三、需要から見た「学科運営の背景」
それでは次に、「サブカルをきちんと担当できる教員が欲しい」、その一方で「サブカルなんてものに興味を示すのは一部の学生である」という現状を踏まえ、この状態を学科運営の話と結び付けて述べていきましょう。
教員採用(=学科の人員構成)の話として述べるならば、
その一部の需要のために、専門の教員を用意する(雇う)のか。
という問題につながります。そして、
その手の講義を開講するという話だけならば、せいぜい数コマの特殊な科目の問題であり、
この程度のコマ数ならば、非常勤講師を雇えばよいのではないか。
という専任教員採用とは別の対処方法の一つとも密接に関係してきます。
(実際に、非常勤講師までは順調にコマを進めているオーバードクターの方も多いのではないでしょうか。)
実は、「サブカルをきちんと担当できる教員が欲しい」と言いつつも、専任がいないと困るのは、論文指導のときだけなのです。しかも、その問題ですら、学科運営上は、致命的な問題ではありません。なぜならば、卒業論文程度ならば、専門外でありつつも対応可能な教員がそれなりにいるからです。
と言いますのも、研究対象が奇抜なだけで、研究手法であるとか、問題設定であるとか、そういったものはサブカルだから特別というわけではないからです。
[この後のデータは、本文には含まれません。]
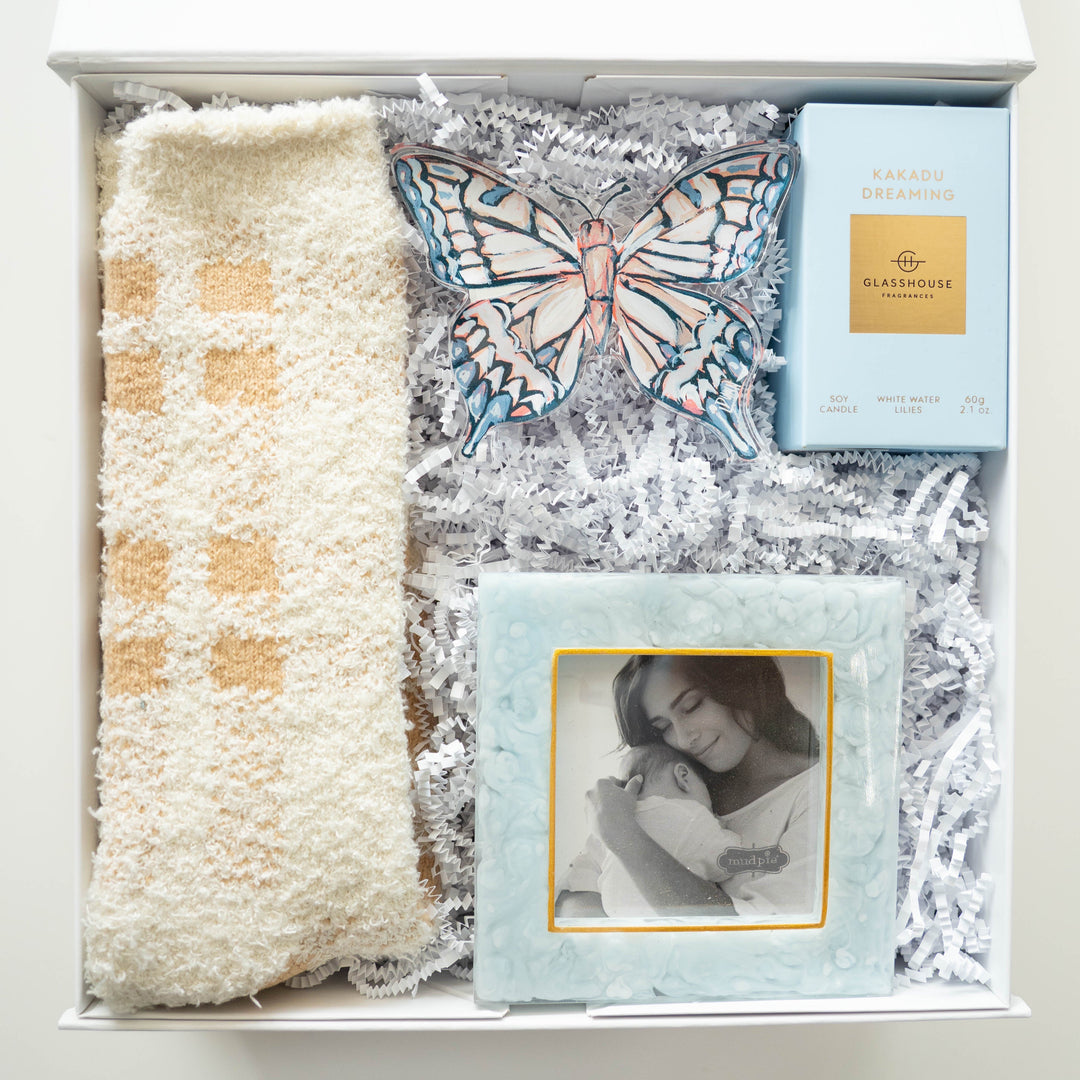 Digital photograph of a curated gift box containing a light blue Glasshouse Fragrances candle, a textured Mud Pie picture frame, plush cream-and-tan checkered socks, and a large decorative butterfly ornament on white shredded paper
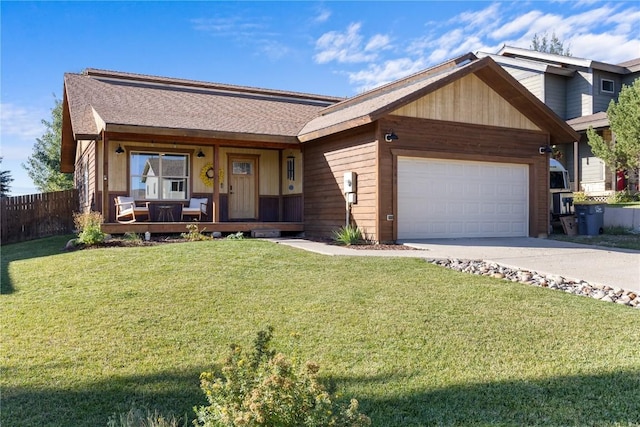 single story home with a garage and a front lawn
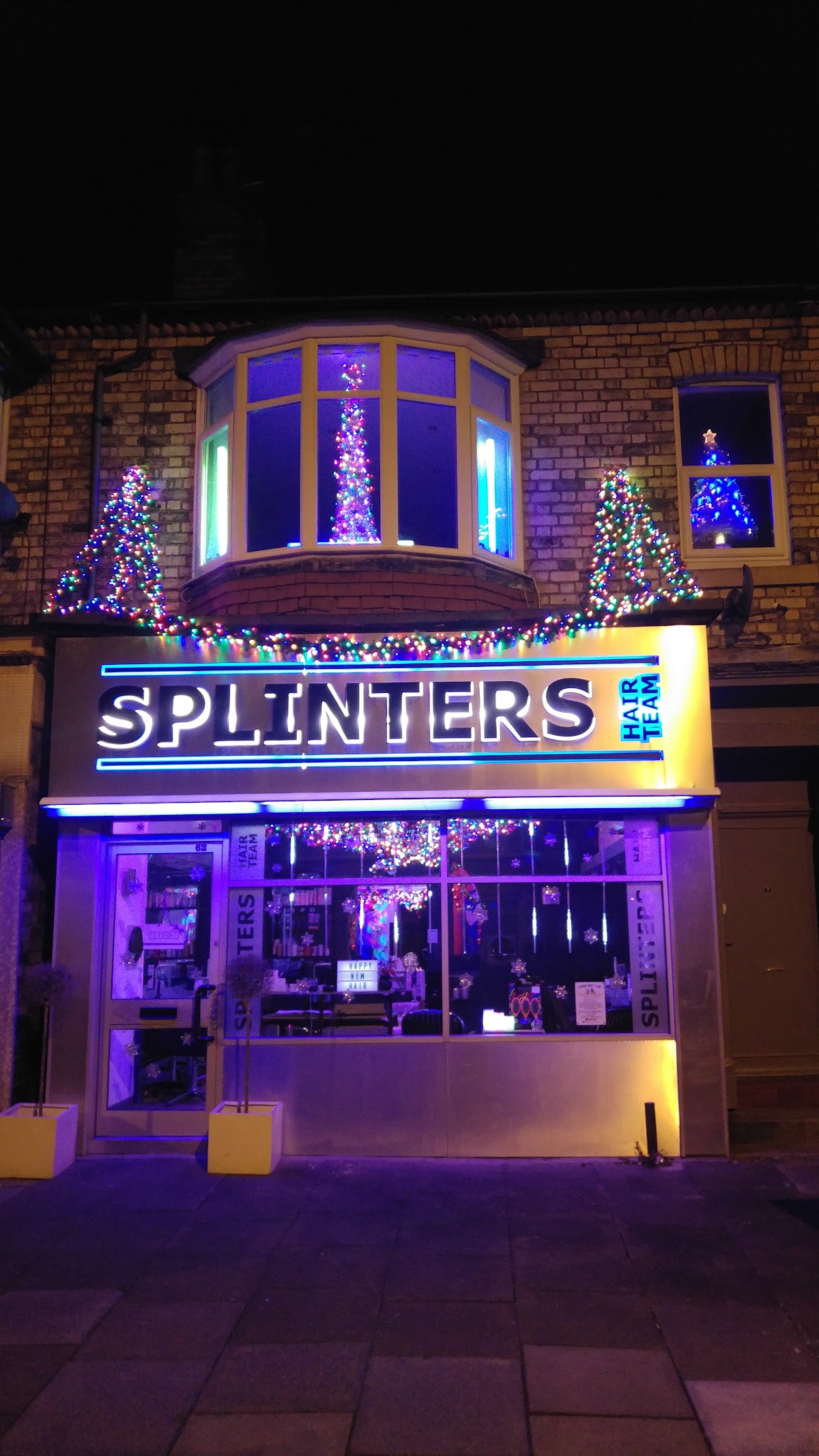 The Splinters shopfront lit up at night with festive lights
修士や博士となると、専門家でなければ対応(指導)できないということもありますが、卒業論文程度なら、研究者と呼ばれる人種であれば指導できてしまいます。
た・だ・し・・・
専門とは異なるので、できれはそういう学生の指導は担当したくない。
これが、現状(本音)でしょう。
この需要とその周辺状況が理解できたならば、専任採用に関する指針のようなものも見えてくるのではないでしょうか。
ちょっと結論を急いだ言い方になりますが、
サブカル好きの学生が一定数は必ず存在するので、専門の教員が欲しいとは思っている。
しかし、専門の教員を雇うのは学科の人員構成的に無駄である。
とみなされているのです。そして、「専門の教員」とは、この場合「サブカル専門の教員」を指すのです。